Resultaría inútil a estas alturas cualquier intento por regatear la importancia del movimiento de Javier y los sicilianos. La Paz con Justicia y Dignidad es una real aspiración mexicana más allá del excelente fraseo con el cual Sicilia prolongó el célebre y colectivo y sincero grito de estar hasta la madre. Hasta la “mega madre”, dice una voz popular.
También resultaría insensato negar el sacudimiento de los jóvenes del 132 y cuanto se vayan acumulando en estos días. Ya lograron dos grandes conquistas nacionales: confundir la programación del duopolio con una Cadena Nacional y hablar sin rejas con Obdulio Ávila en la secretaría de Gobernación. Todo un hito en la historia nacional.
Pero en el caso inicial de estas líneas llama la atención el diagnóstico de Javier Sicilia en cuanto al verdadero significado de cada candidato, juicio inevitablemente alusivo y extensivo a los partidos propulsores, impulsores y activos en los respaldos respectivos. De un plumazo, o mejor dicho, de cuatro golpes de verbo y pluma (una fuente de sangre con cuatro chorros), Sicilia los puso en su sitio y no le quedó en su sitio cabeza títere alguno. Bravo.
A Josefina Vásquez le dijo:
“Para muchos, usted, señora Vázquez Mota, significa la continuidad de una política que nos ha sumido en el horror, la miseria y el despojo, el señalamiento duro a las corrupciones de los otros partidos, pero la incapacidad autocrítica para ver las del suyo y la protección o la simulación frente a delincuentes o malos funcionarios de su partido que ocupan y ocuparon cargos políticos, incluso de Estado.
“Usted representa a un partido que nos debe la transición y que se ha corrompido a grados ignominiosos con el poder. Usted representa un partido que después de doce años deja como una de sus herencias un inmenso camposanto como patria”.
A Enrique Peña la advirtió:
“usted representa el regreso al pasado, es decir, el regreso al origen de la corrupción de las instituciones que hoy se desborda por todas partes y cuyo rostro no es sólo la violencia, el dolor, la corrupción, la impunidad y la guerra, sino la imposición de la presidencia imperial, el uso patrimonialista de la nación y la represión –Atenco, la respuesta descalificadora a los muchachos de la Ibero, la manipulación mediática frente a sus legitimas protestas, son sus señales más claras.
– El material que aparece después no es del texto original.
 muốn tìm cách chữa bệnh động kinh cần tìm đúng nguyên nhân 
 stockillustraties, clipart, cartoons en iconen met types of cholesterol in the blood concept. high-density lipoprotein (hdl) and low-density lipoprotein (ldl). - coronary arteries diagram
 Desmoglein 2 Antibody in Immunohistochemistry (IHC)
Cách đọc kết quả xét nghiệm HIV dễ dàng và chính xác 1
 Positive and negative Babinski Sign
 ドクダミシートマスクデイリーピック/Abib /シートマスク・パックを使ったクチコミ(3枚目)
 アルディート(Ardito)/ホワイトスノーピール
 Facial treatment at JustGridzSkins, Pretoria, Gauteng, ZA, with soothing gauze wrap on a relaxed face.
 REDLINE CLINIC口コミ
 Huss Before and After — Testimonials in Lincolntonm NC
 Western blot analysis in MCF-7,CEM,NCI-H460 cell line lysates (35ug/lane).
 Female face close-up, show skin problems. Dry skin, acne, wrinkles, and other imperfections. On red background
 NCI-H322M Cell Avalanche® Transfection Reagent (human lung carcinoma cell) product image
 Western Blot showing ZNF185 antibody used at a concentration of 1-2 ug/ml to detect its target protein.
Representa también el voto corrompido, el voto comprado, el voto no ciudadano, el de la miseria moral y el de la arrogancia y los intereses de los monopolios de la comunicación”.
Para Andrés Manuel fueron estas palabras:
“Para muchos, usted, señor López Obrador, significa la intolerancia, la sordera, la confrontación –en contra de lo que pregona su República Amorosa– con aquellos que no se le parecen o no comparten sus opiniones; significa el resentimiento político, la revancha, sin matices, contra lo que fueron las elecciones del 2006, el mesianismo y la incapacidad autocrítica para señalar y castigar las corrupciones de muchos miembros de su partido que incluso, contra la mejor tradición de la izquierda mexicana, no han dejado de golpear a las comunidades indígenas de Chiapas y de Michoacán o a los estudiantes Guerrero. Significa también la red de componendas locales con dirigentes que años atrás reprimieron a quienes buscaban un camino democrático, el señor Bartlet es sólo la punta del iceberg”.
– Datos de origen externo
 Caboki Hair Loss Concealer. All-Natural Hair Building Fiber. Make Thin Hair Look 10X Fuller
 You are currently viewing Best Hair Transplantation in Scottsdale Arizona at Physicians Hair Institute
Y Para Gabriel Quadri este diagnóstico implacable:
“…Usted, señor Quadri, significa la usurpación de las candidaturas ciudadanas –que nos negaron junto con la Reforma Política—, la arrogancia y una doble moral que pretende reivindicar el liberalismo y criticar los monopolios mientras usted sostiene su campaña apoyado en la mafia…”
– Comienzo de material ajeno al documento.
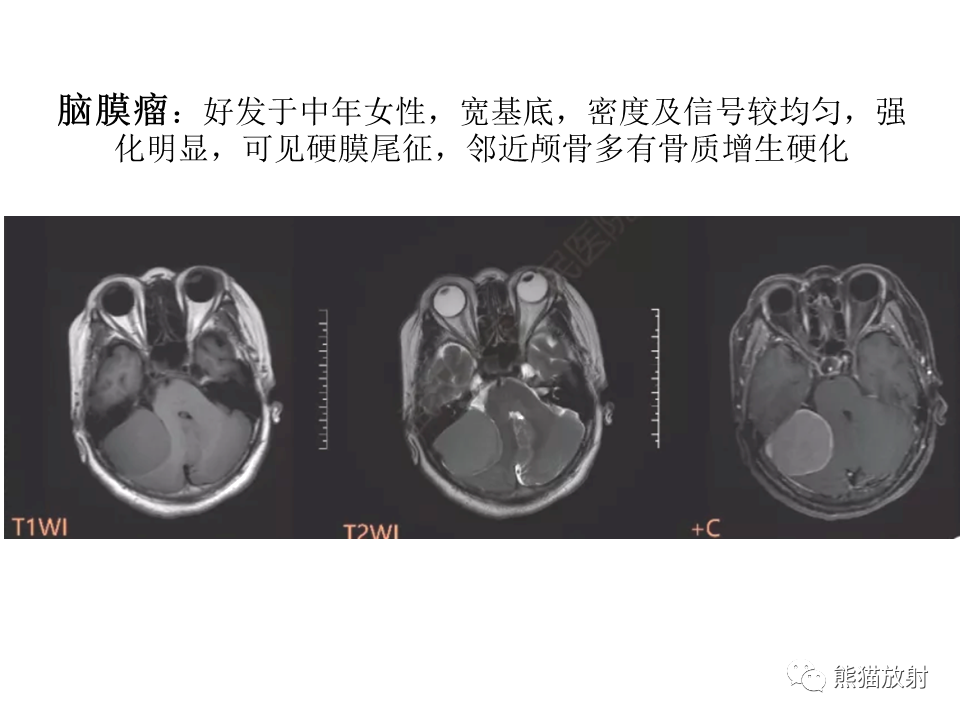 影像PPT - 【病例】颅内神经鞘瘤2例MR影像-39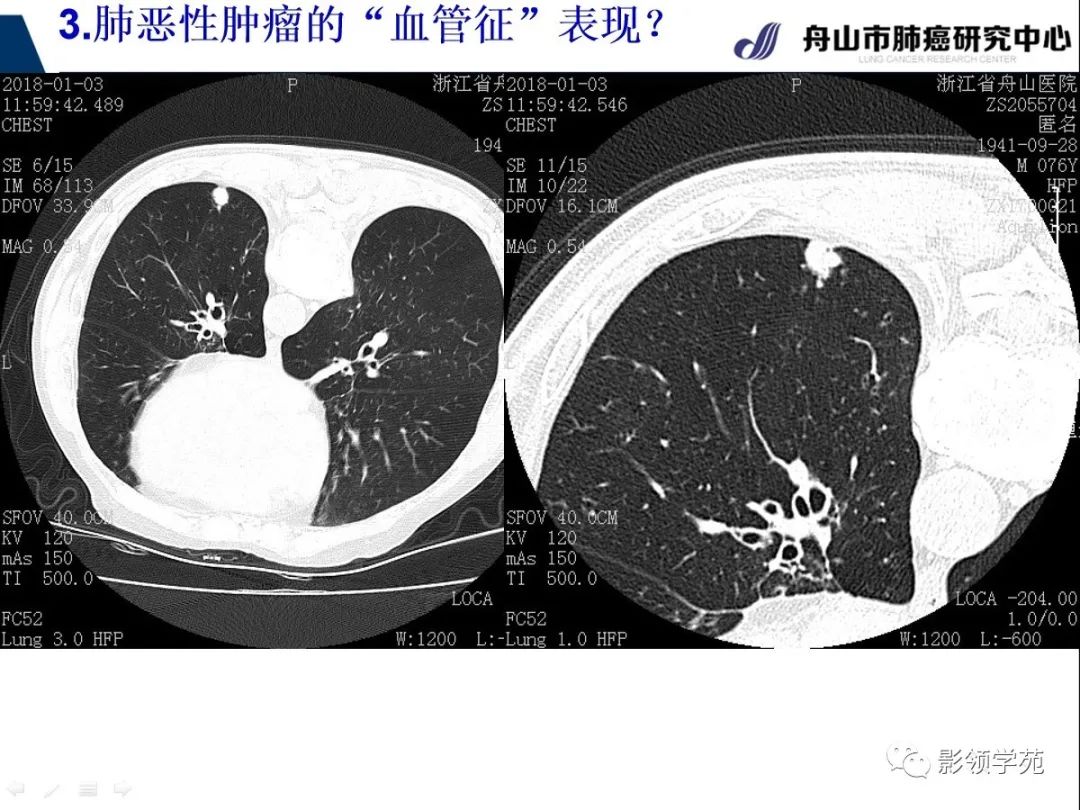影像PPT - 【PPT】CT征象对早期肺腺癌亚型分型价值探讨—血管征-43 影像PPT - 【PPT】CT征象对早期肺腺癌亚型分型价值探讨—血管征-43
Concedamos absoluta certeza en esos diagnósticos. Pero preguntémonos también si ante esa muestra de desesperanza en las circunstancias del mundo real, del juego político, de la “Realpolitik”, podemos encontrar siquiera una rendija por la cual, salir. Quizá la haya pero en las palabras de Sicilia este redactor no las mira, al menos no en el corto plazo.
Claro, se dirá la organización cívica, ciudadana, social. Y es cierto, pero así como los ciudadanos les exigen a los políticos el cómo más allá del qué, también se le debería exigir a un movimiento de tanta profundidad política, de tan veloz inserción en la vida pública y de tan aguzado sentido para el diagnóstico de la desgracia, una real fórmula de colaboración interinstitucional más allá de la ley de víctimas con todo y su edulcorada inoperancia.
Claro, también hay un camino: abolir las instituciones políticas actuales; los partidos por delante, y sustituirlas por cofradías de buenos cristianos en pos del reino de los cielos en la tierra.